---- GIVEN INFORMATION

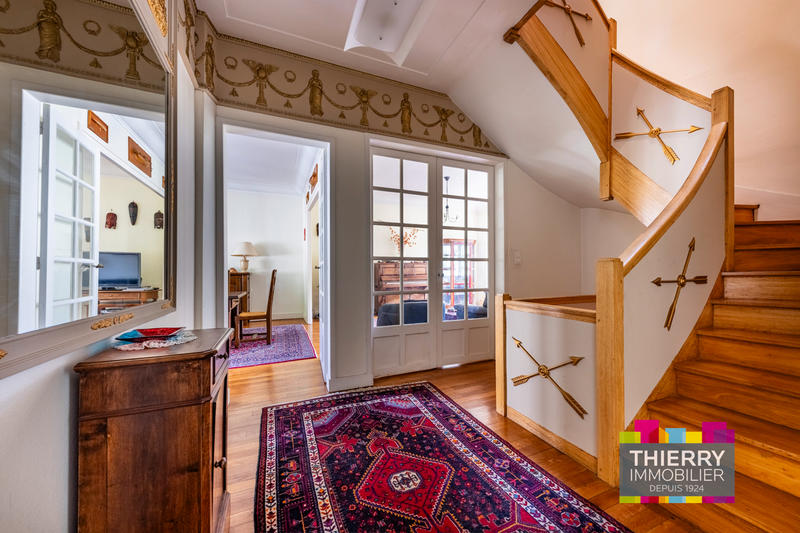 Maison - 238 m² - 8 pièces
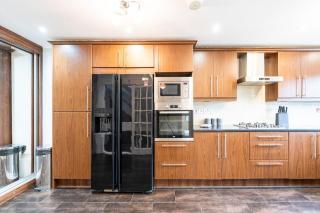 Karazo LTD - Luxurious contractor and family friendly 4 bedroom in Croydon with Parking - 1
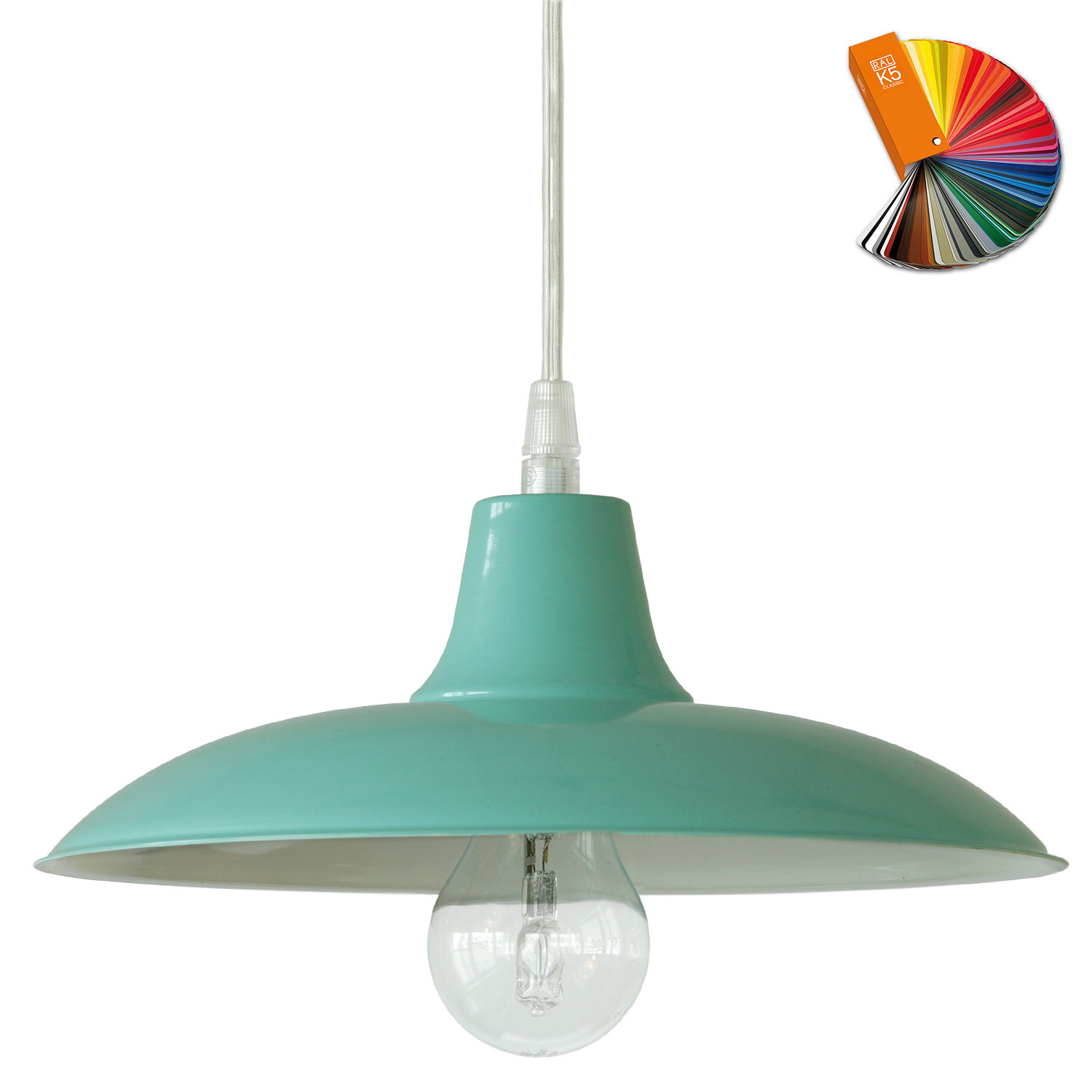 Einfache Pendelleuchte mit flachem Metall-Schirm, viele Farben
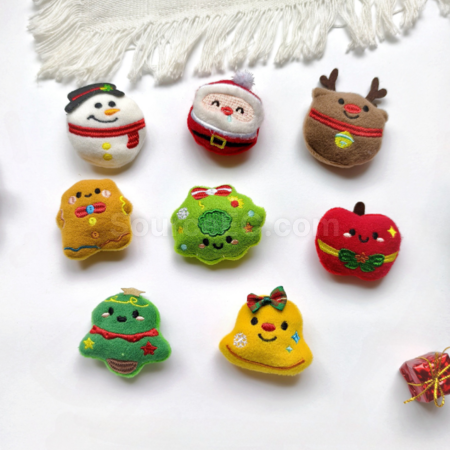 Customization Christmas plush brooch/Ornament Corporate Gifts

--------

→ TASK
All of the data above needs to be given again exactly. Leave out each image.

→ ANSWER BELOW
 Maison - 238 m² - 8 pièces
 Karazo LTD - Luxurious contractor and family friendly 4 bedroom in Croydon with Parking - 1
 Einfache Pendelleuchte mit flachem Metall-Schirm, viele Farben
 Customization Christmas plush brooch/Ornament Corporate Gifts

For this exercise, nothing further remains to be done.